A Brother’s Regret – Sample

I scanned the faces, searching for something—maybe they were too. Were we all here to give meaning to my brother’s death or to make sense of our own lives?

The cacophony around me was deafening—shouts clashing like thunder, an ocean of murmurs rising and falling, and an undercurrent of sorrow threatening to pull me under. I tried to focus, to drown out the noise, but the sky loomed heavy and oppressive. Though the rain had stopped, the air clung to me with lingering dampness and the fresh scent of wet-cut grass. Family and friends clung to each other for comfort, waiting for words I wasn’t sure I could deliver.

A tightness gripped my chest as I scanned the crowd, each breath a struggle. It wasn’t sorrow or regret—just the sheer enormity of the moment, the finality of it all. My sister’s smile offered a brief comfort, a moment of peace.

Something in her spirit moved my thinking—a quiet, almost imperceptible nudge touched me. Standing surrounded by faces I thought I knew, a sense of change hung in the air, just out of reach, waiting.

A few people urged me to begin, embellishing my doubt that I was the right person to deliver this eulogy and provide closure. I hadn’t cried; the sadness I expected hadn’t come. What could I contribute to this moment?

“Lam, are you ok?” The priest laid his hand on my shoulder.

“Yes, Father.”

Leslie, on the other hand, checked all the boxes. She was shattered after our brother’s passing. She couldn’t get out of bed some days, and her temper flared like never before. Mentioning “brother” or anything that reminded her of Joey would bring her to tears.

I took a deep breath to steady my voice. “We’re here to remember my brother, Joseph Portillo III, who served his country and protected others, including Senator Goldman and his family.” I started speaking of Joey as a hero, a word that had always sat uncomfortably on my tongue. “Hero.” It was a title too large, too absolute—a title I had always imagined for myself in some grand narrative, not for my brother, who had quietly worn it long before anyone thought to crown him with it.

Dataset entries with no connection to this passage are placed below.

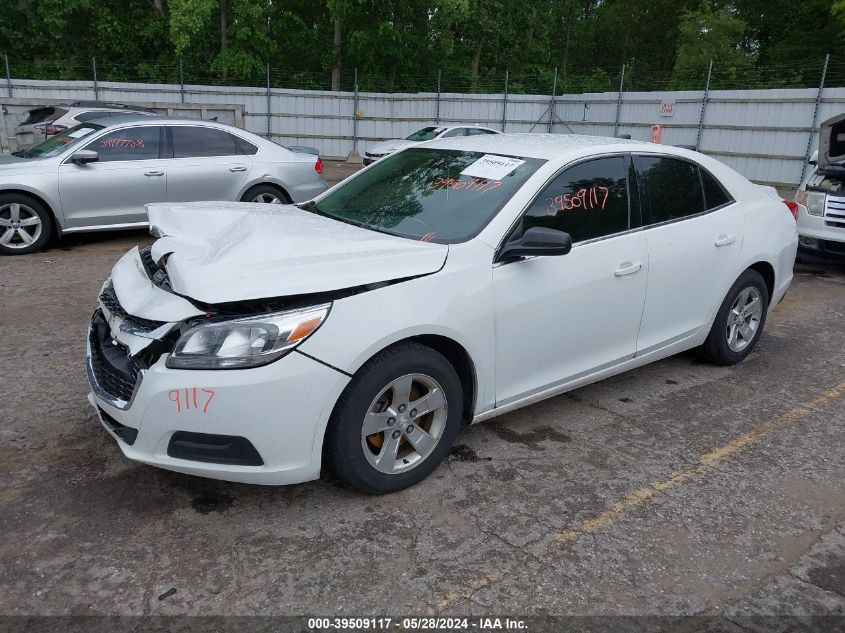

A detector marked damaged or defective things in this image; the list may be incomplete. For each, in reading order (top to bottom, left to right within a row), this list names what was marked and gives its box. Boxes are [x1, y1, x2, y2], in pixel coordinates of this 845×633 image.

crumpled hood [366, 139, 416, 156]
crumpled hood [145, 201, 448, 302]
damaged bumper [85, 247, 350, 484]
broken headlight [166, 304, 332, 368]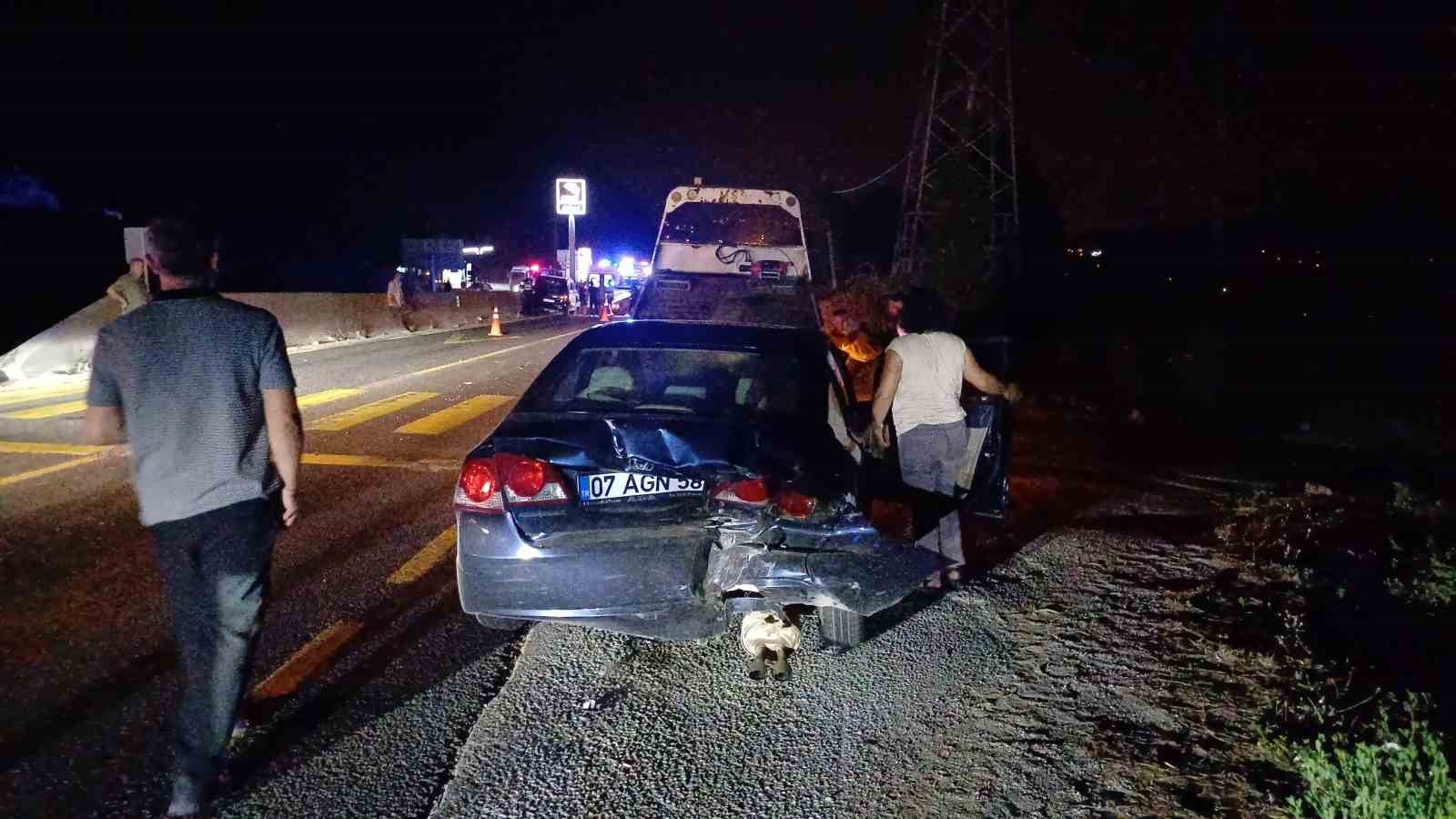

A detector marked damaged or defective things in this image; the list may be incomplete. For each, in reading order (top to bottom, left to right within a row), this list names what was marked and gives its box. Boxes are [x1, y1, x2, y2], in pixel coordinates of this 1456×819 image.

damaged dark sedan [454, 316, 955, 652]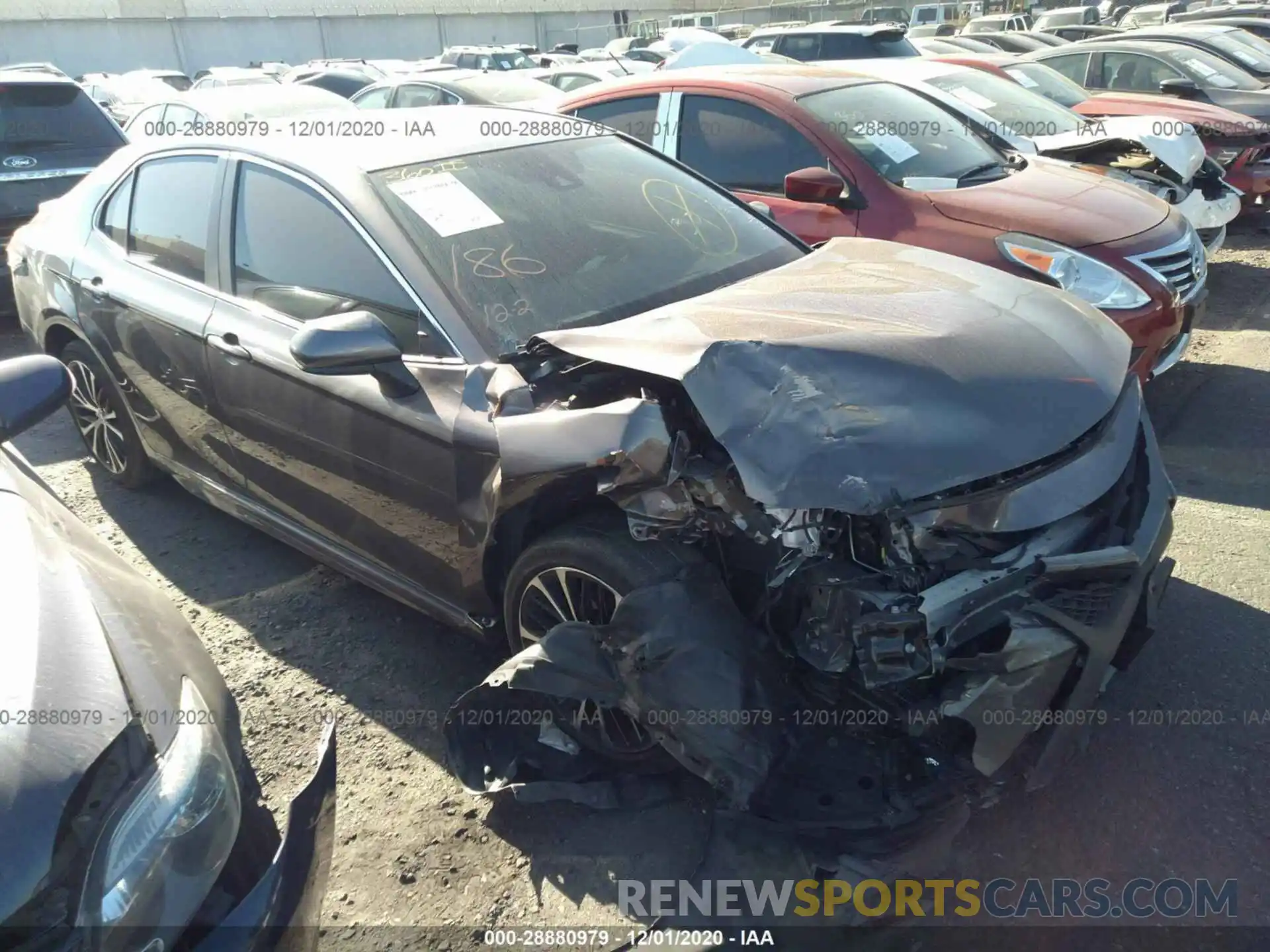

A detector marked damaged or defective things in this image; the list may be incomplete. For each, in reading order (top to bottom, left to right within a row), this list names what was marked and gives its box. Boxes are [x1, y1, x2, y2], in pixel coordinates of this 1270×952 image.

crumpled hood [924, 157, 1168, 247]
crumpled hood [1026, 114, 1204, 181]
damaged gray sedan [10, 108, 1173, 848]
crumpled hood [530, 238, 1127, 518]
crumpled hood [0, 485, 130, 924]
crushed front bumper [190, 726, 335, 949]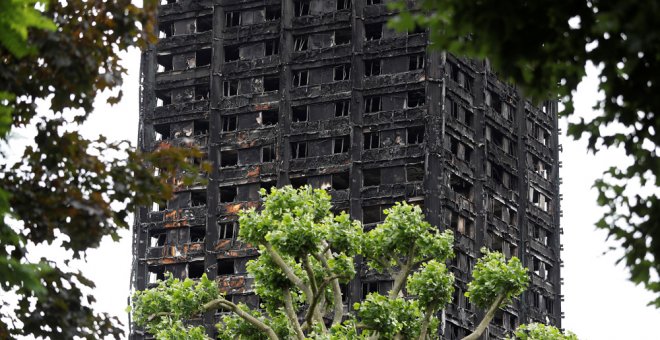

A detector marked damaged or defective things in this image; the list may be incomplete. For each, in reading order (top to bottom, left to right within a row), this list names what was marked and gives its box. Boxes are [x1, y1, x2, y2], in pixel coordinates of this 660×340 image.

charred tower block [133, 0, 564, 338]
burned facade [133, 0, 564, 338]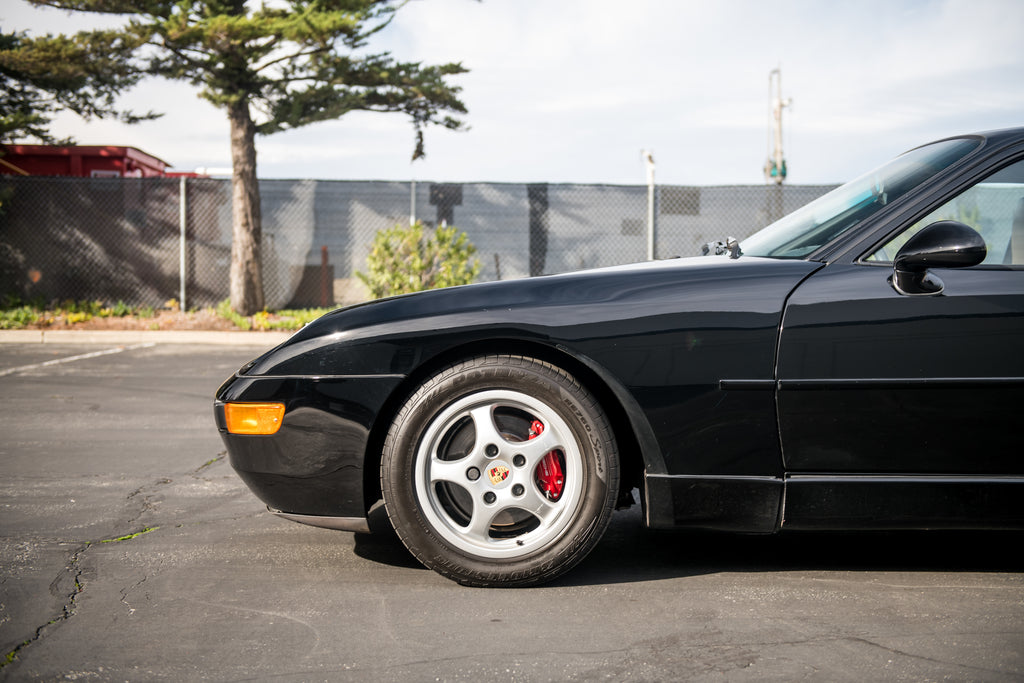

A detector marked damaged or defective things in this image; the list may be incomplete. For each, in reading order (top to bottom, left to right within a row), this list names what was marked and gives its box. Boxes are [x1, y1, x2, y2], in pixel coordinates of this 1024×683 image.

cracked asphalt [2, 342, 1024, 683]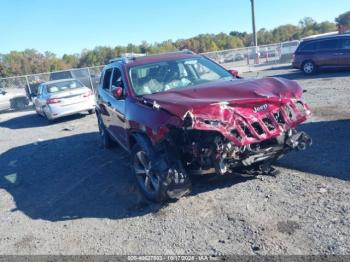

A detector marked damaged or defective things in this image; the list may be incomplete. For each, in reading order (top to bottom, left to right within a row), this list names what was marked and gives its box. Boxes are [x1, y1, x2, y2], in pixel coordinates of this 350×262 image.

damaged red suv [95, 51, 312, 203]
bent hood [142, 76, 304, 118]
crushed front end [167, 97, 312, 175]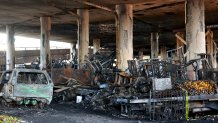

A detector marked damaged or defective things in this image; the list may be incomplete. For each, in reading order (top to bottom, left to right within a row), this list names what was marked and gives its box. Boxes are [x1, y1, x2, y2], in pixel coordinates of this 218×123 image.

burned vehicle [0, 68, 53, 106]
destroyed car [0, 69, 53, 105]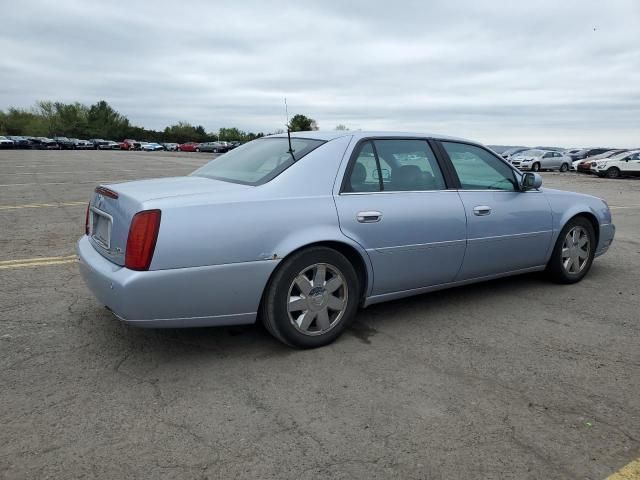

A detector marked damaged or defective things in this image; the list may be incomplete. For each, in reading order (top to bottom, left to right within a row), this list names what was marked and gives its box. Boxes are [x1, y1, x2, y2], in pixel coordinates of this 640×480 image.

cracked asphalt [0, 148, 636, 478]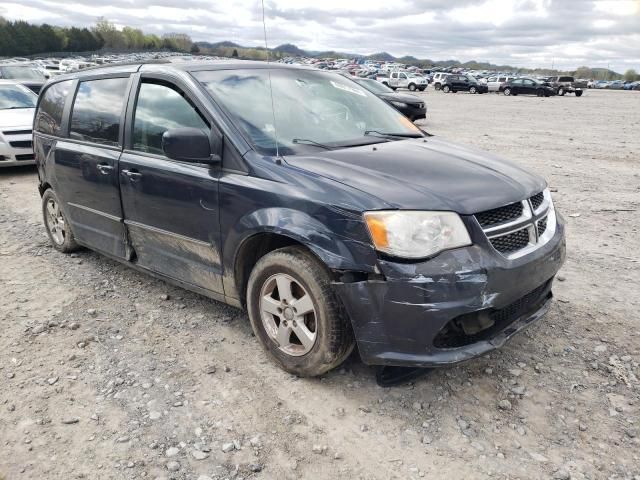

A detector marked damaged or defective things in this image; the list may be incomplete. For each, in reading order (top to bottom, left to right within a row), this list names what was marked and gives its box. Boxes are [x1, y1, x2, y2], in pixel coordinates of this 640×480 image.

cracked headlight [364, 211, 470, 258]
front bumper damage [332, 214, 568, 368]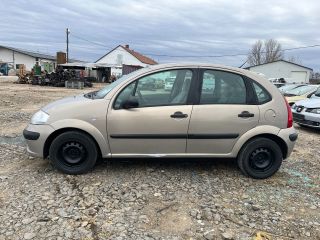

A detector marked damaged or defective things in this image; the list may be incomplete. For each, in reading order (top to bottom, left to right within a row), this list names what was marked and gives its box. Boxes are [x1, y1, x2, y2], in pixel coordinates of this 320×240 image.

But now, in death, it belonged to him, and I was left grasping for its meaning, wondering if I’d ever measure up to that word myself.

“A hero isn’t just someone who fights battles; a hero is someone of noble character who acts with integrity, no matter the circumstances. Joey was that kind of hero. Not just because he served his country but because of the kind of person he was all the time—noble, courageous, and thoughtful.”

Don’t get me wrong. Joey could be a shit; everyone has their moments. But I could not think of them now. I hadn’t always realized it, and I certainly hadn’t appreciated him as much as I should have when he was alive. Yet, no matter how I behaved, Joey always protected, cared for, and loved me and Leslie. Though he was the youngest, we all looked up to him. He wasn’t just a brother; he was my best friend. But I wasn’t going to share all that. Some things were meant to stay between us.